2.2.2 Real-Time Control Strategy

Another real-time control (RTC) strategy is proposed to compare the performance with the FPC strategy. As shown in Fig. 2, two threshold lines are exploited to control the load power in real-time. In comparison, the implementation of the RTC strategy is much simpler but may lead to higher capital cost.

If the traction power is greater than \({P}_{L2}\), HESS is set in discharging state. If the traction power is lower than \({P}_{L1}\), HESS is charging. In other cases, the HESS is in idle mode. It can be specifically expressed as formulas below:

$${P}_{HESS}\left(t\right)=\left\{\begin{array}{c}{P}_{H,r} , {P}_{Load}>{P}_{L2}\\ 0 , {{P}_{L1}<P}_{Load}\le {P}_{L2}\\ {P}_{Load}-{P}_{L1}, {P}_{L1}-{P}_{H,r}<{P}_{Load}\le {P}_{L1}\\ -{P}_{H,r} , {P}_{Load}\le {P}_{L1}-{P}_{H,r}\end{array}\right.$$

(2)

where \({P}_{H,r}\) is the rated power of HESS, and \({P}_{HESS}>0\) indicates HESS is discharging state.

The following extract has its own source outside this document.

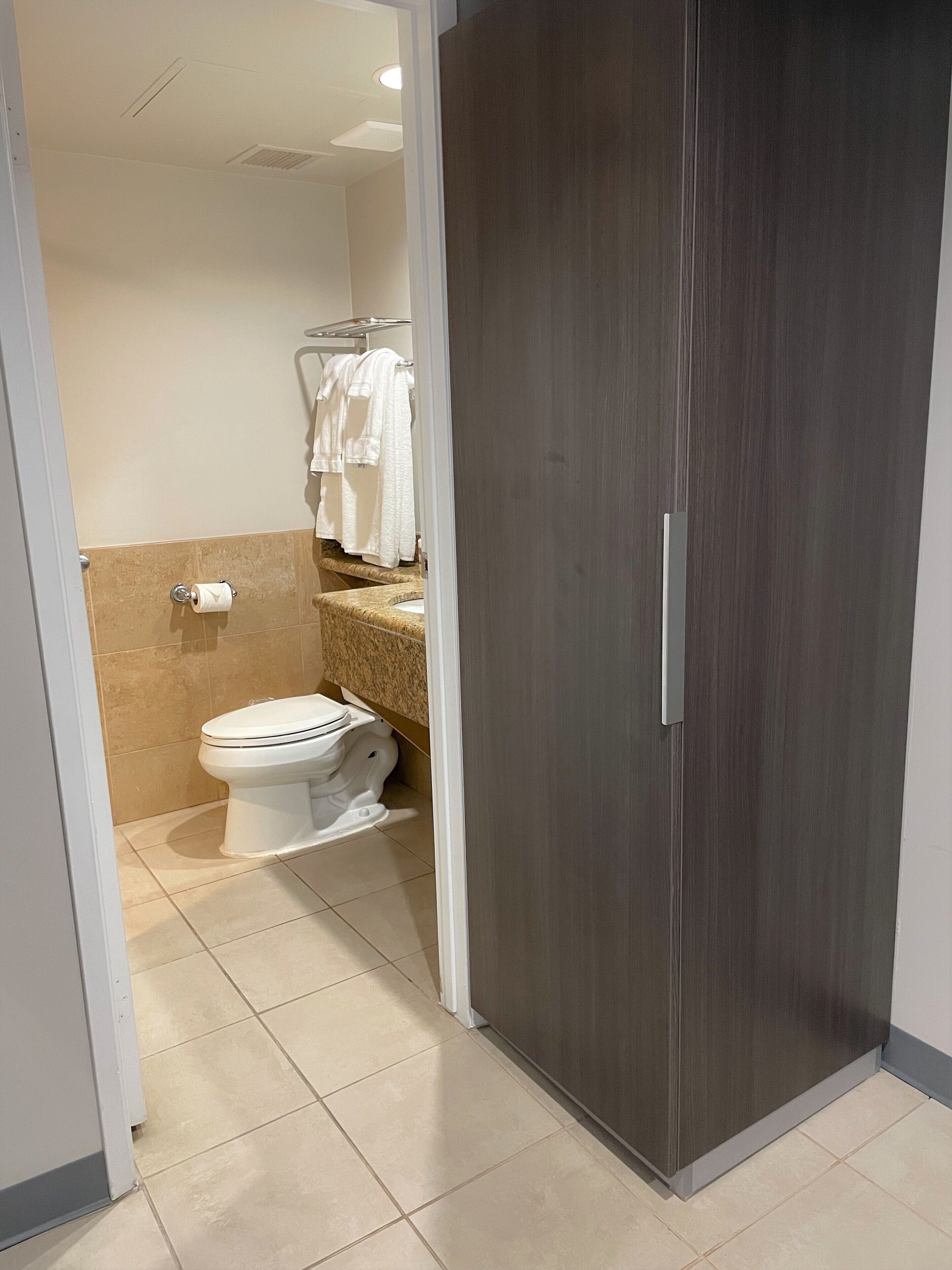 A bathroom with a toilet, a towel rack with towels, and a mirror.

3 Optimization of HESS Capacity

3.1 Objective Function

Onboard ESS and ESS for traction substation are two common schemes for HSRS. For onboard ESS, the effects of the vehicle operation performance are significant with the change of ESS volume and weight [28]. By contrast, traction substations are located in the suburbs with sufficient usable area, the ESS volume and weight do not constitute a major limitation [29]. Therefore, only the economic effectiveness is considered in this paper.

Cost constraints are generally used in the optimal problem of HESS capacity, where the capital cost and maintenance cost of HESS are considered. However, the HESS size also has remarkable effects on maximum demand and RBE utilization, which indicates that the economic effectiveness of the case is insufficiently analyzed by means of cost constraint. The Net Present Value (NPV) is incorporated for economic effectiveness evaluation of HESS. The objective function (i.e., NPV) of HESS sizing problem can be described as Eq. (3).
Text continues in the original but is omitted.